Excerpted data:

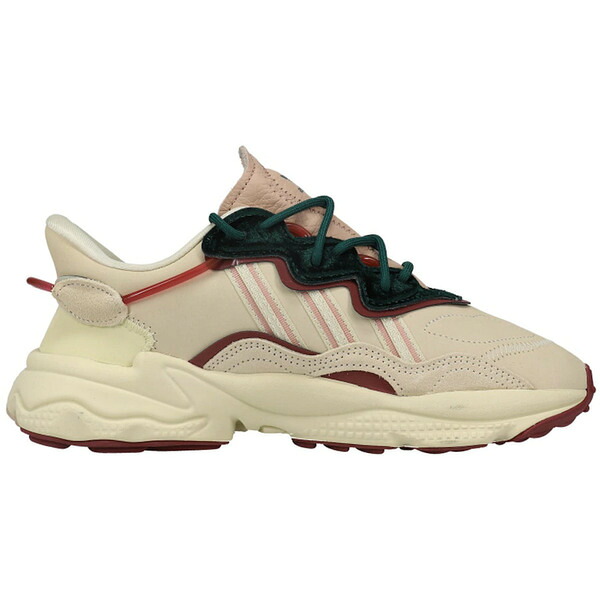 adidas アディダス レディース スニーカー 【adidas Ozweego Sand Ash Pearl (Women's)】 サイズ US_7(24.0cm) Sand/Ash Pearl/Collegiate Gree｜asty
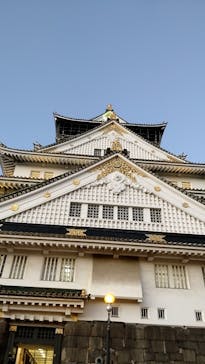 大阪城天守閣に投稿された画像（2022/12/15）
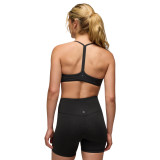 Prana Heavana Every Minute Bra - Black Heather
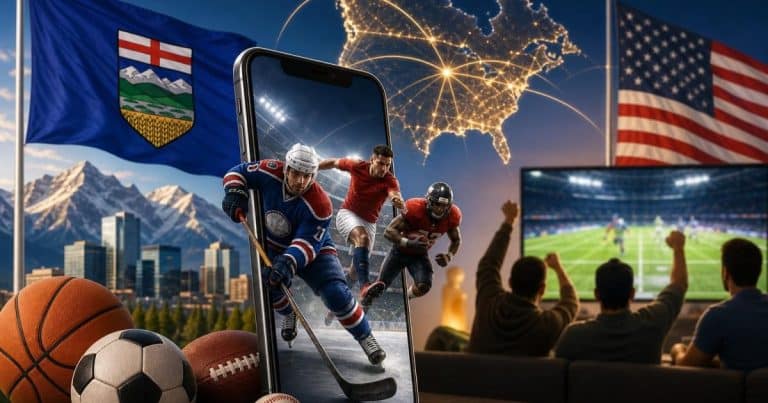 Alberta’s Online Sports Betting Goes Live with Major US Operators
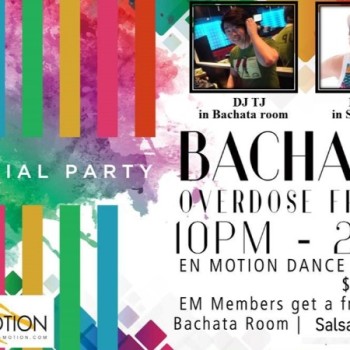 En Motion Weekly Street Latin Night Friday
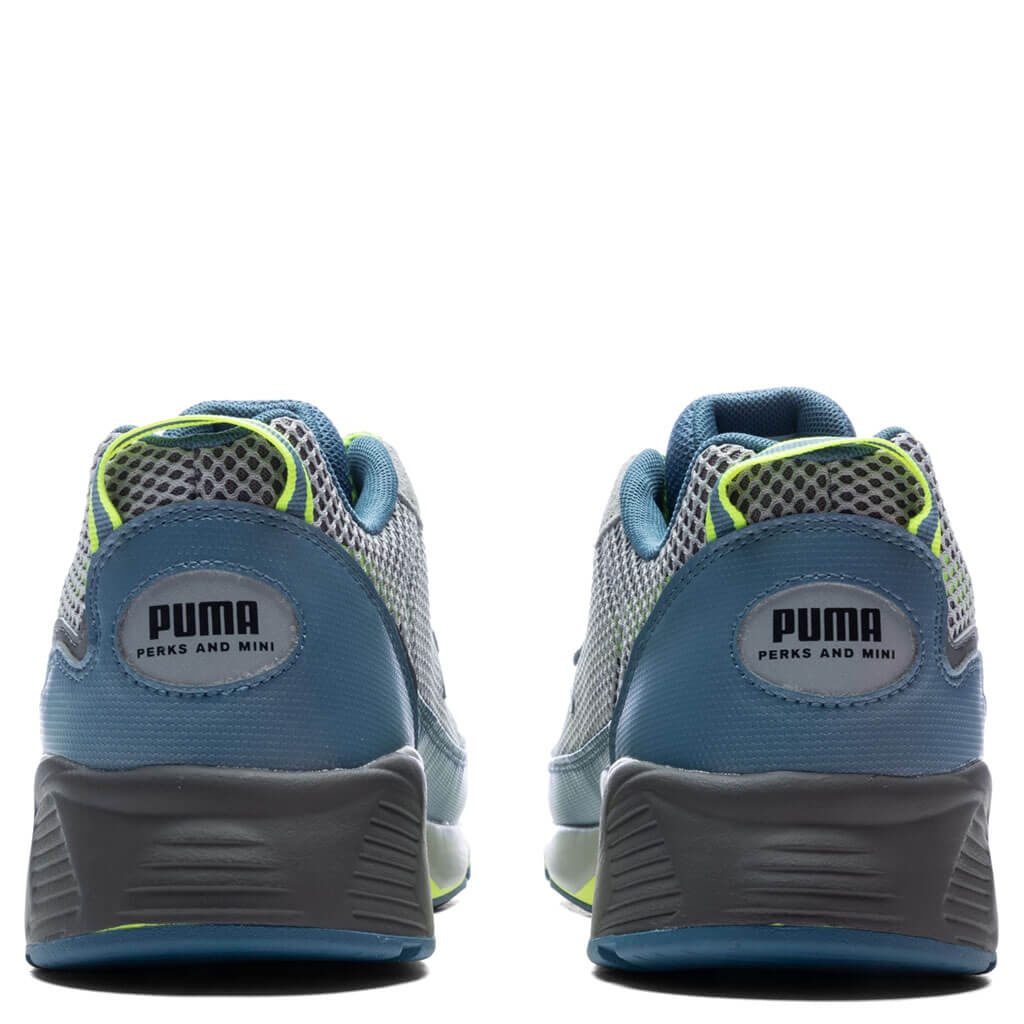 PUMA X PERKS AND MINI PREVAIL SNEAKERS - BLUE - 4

--

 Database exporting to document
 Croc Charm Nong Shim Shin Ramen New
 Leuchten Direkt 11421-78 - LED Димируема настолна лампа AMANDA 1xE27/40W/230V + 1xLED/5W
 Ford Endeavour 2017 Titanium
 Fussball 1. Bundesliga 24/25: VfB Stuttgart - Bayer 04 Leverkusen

---

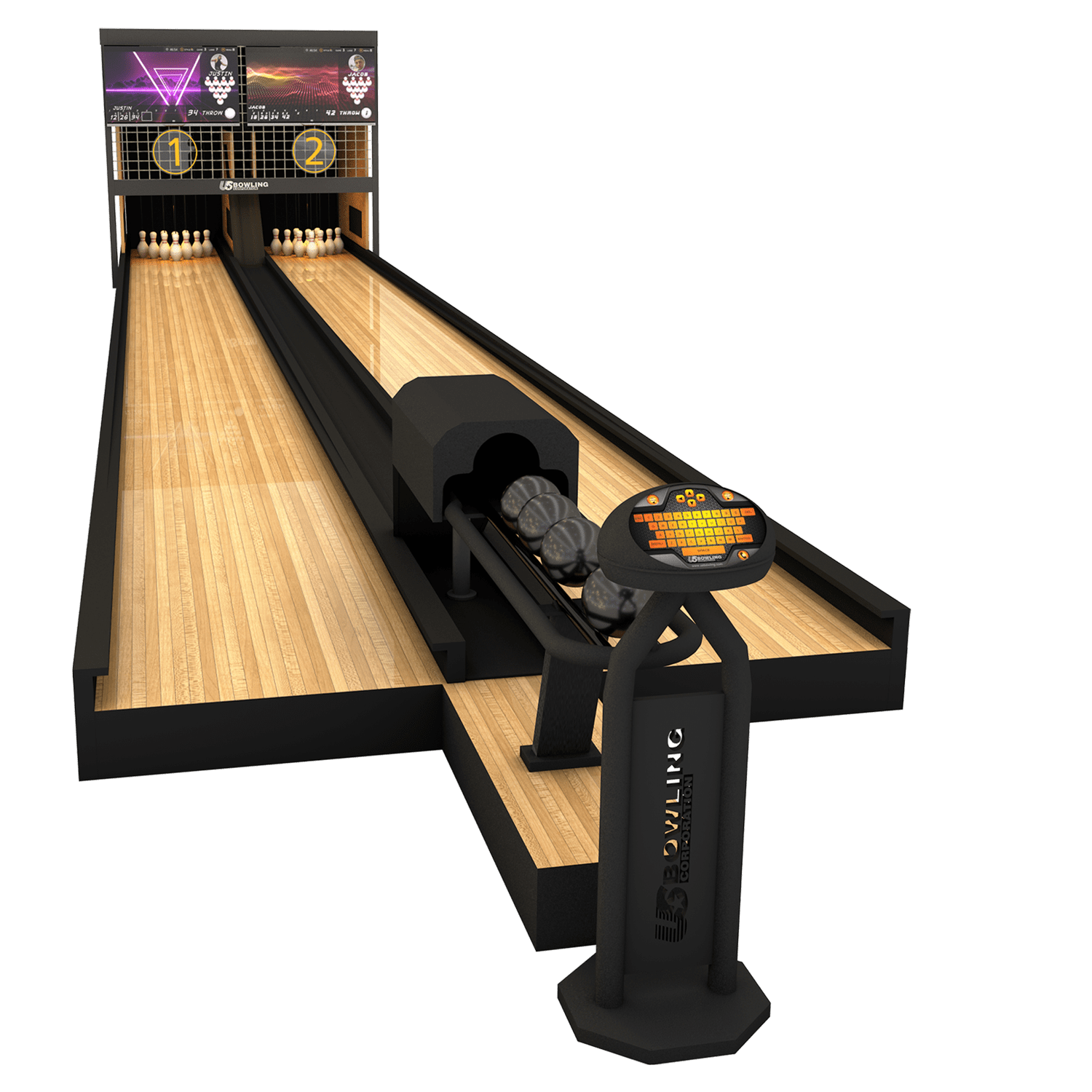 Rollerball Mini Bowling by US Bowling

Try it: Please return only the lines above, starting at the line that has "Leuchten Direkt 11421-78" and ending at the line that has "Fussball 1. Bundesliga", keeping both and leaving each one unchanged.

Answer space:
 Leuchten Direkt 11421-78 - LED Димируема настолна лампа AMANDA 1xE27/40W/230V + 1xLED/5W
 Ford Endeavour 2017 Titanium
 Fussball 1. Bundesliga 24/25: VfB Stuttgart - Bayer 04 Leverkusen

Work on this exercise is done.